__Problem description__: Transcribe exactly the line with "Watermelon Tourmaline Crystal Slice - 012" and each line that follows it in the listing, down to the last, omitting all pictures.

__Dataset content__:
[Start of section]
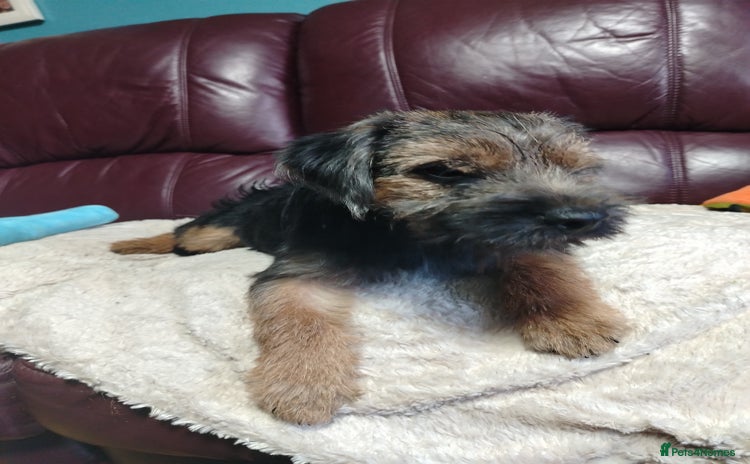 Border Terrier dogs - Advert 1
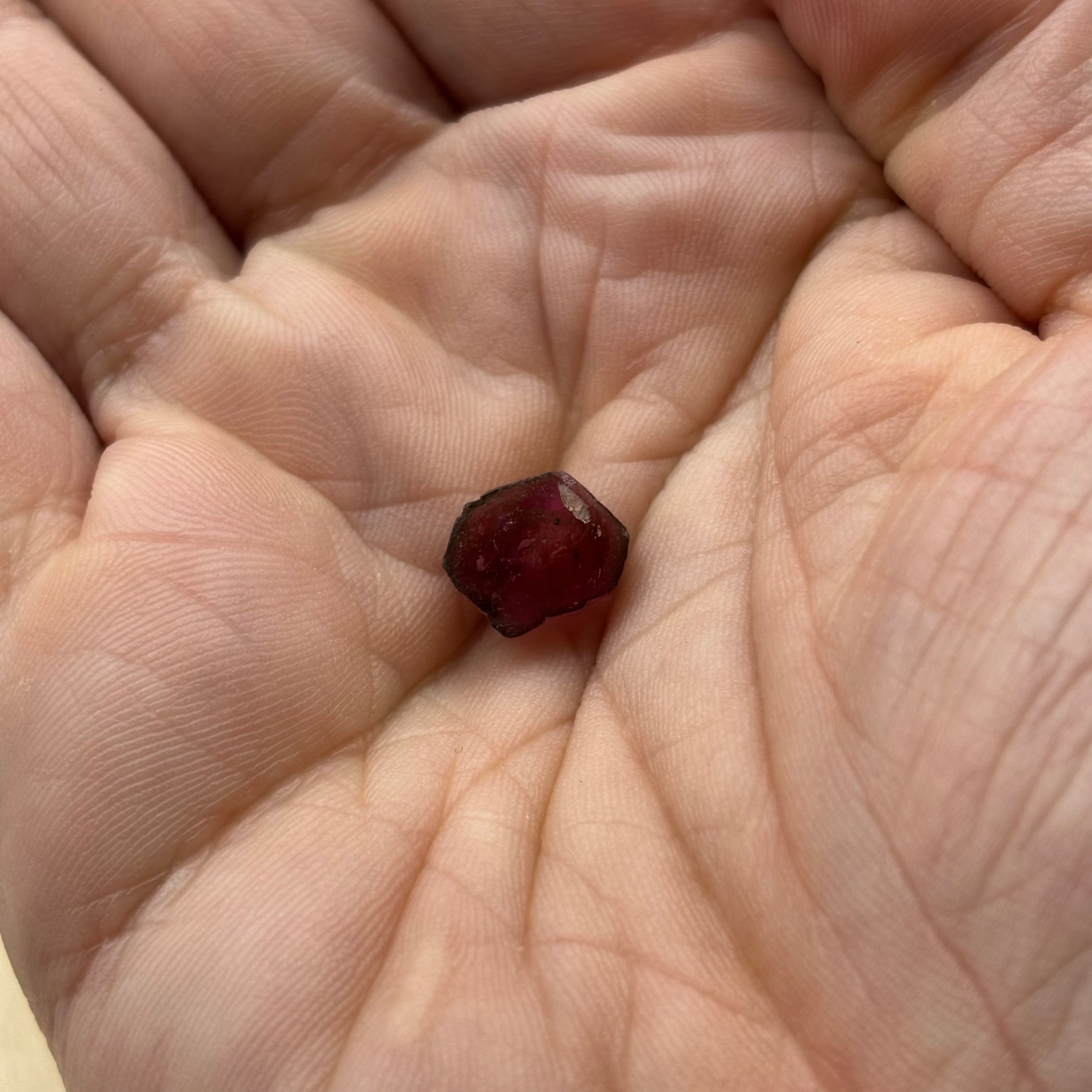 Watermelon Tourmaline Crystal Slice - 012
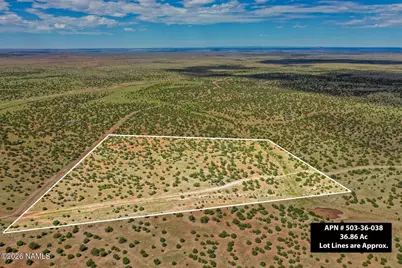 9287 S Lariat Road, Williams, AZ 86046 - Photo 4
[End of section]
__Finished exercise__:
 Watermelon Tourmaline Crystal Slice - 012
 9287 S Lariat Road, Williams, AZ 86046 - Photo 4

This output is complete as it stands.